J’étais d’humeur si enjouée que Qu’un-Œil a dû prendre son pied à me casser du sucre sur le dos. J’en mettrais ma main au feu.
Il ne m’est même pas venu à l’esprit de m’attarder pour apprendre si la « Tentation de Chandra Gokhale » avait porté ses fruits.
J’ai su un peu plus tard que l’inspecteur général avait fait suivre Shiki jusqu’à chez elle par un de ses hommes. Ne le voyant pas revenir au terme d’un délai raisonnable (il était en effet tombé sur Chaud-Lapin et Iqbal Singh en un lieu où il n’aurait jamais dû se trouver et avait effectué le grand plongeon dans le fleuve), Gokhale avait foncé tout droit vers le claque où ses associés, lui-même et ceux qui partageaient leurs penchants particuliers, mais assez répandus, en matière en plaisir avaient leurs habitudes. Arpenteur-du-Fleuve et quelques autres frères l’avaient cueilli au sortir du Palais. Il était accompagné de deux commensaux qui regretteraient bientôt d’avoir cherché à se faire bien voir de lui en partageant sa nuit de débauche.
Murgen suivait lui aussi les événements de près. Le sachant, je n’avais aucun scrupule à m’enfermer avec ma dernière acquisition.
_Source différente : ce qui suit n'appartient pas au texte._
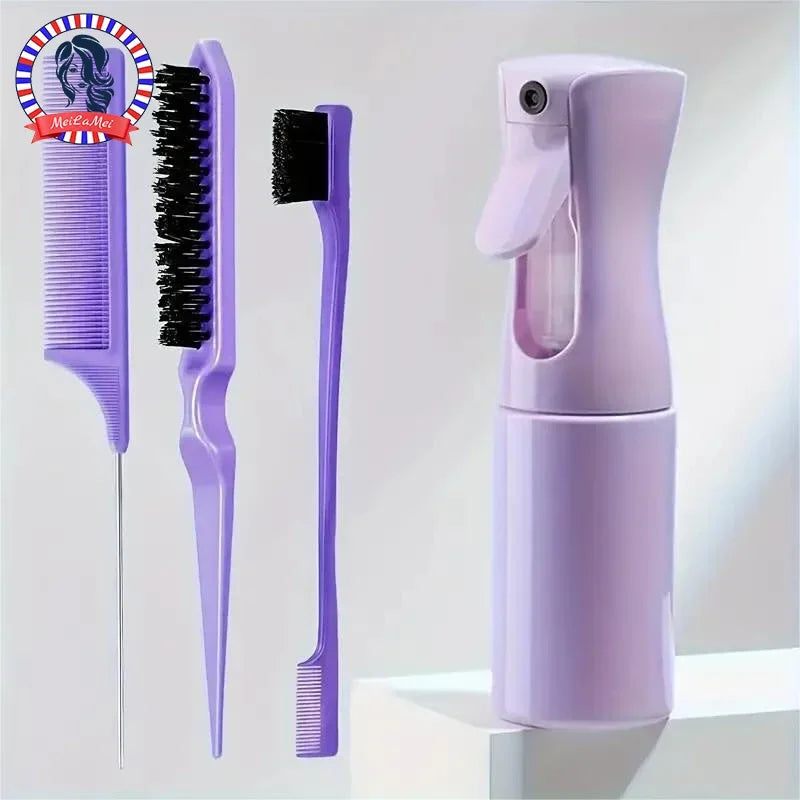 4-Piece Hair Styling Set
Il me fallut une heure pour parvenir à la conclusion que les pages rapportées aujourd’hui étaient bel et bien une version ultérieure de la toute première annale, et une autre encore, ou presque, pour comprendre que je serais incapable d’élucider les mystères de ce livre sans une aide éclairée. À moins d’y consacrer plus de temps que celui dont je disposais.
Chandra Gokhale avait apparemment trouvé la mort à l’intérieur de la maison de plaisir. Ainsi que ses deux commensaux. Il y avait des témoins. Des gens avaient assisté à leur étranglement. Puis, dans sa fuite précipitée, l’assassin avait oublié un rumel rouge.
Les Gris étaient arrivés presque aussitôt. Ils avaient chargé les corps dans une charrette et déclaré que la Protectrice souhaitait voir Gokhale ramené sur-le-champ au Palais. Mais ces Gris avaient cessé de l’être dès leur sortie du bordel et leur itinéraire les avait amenés sur les berges du fleuve plutôt qu’au Palais. Les deux cadavres encombrants avaient disparu dans le courant.
Un corbeau blanc qui somnolait sur un toit s’était réveillé quand ils avaient dévalé la côte. Il s’était ébroué et les avait suivis.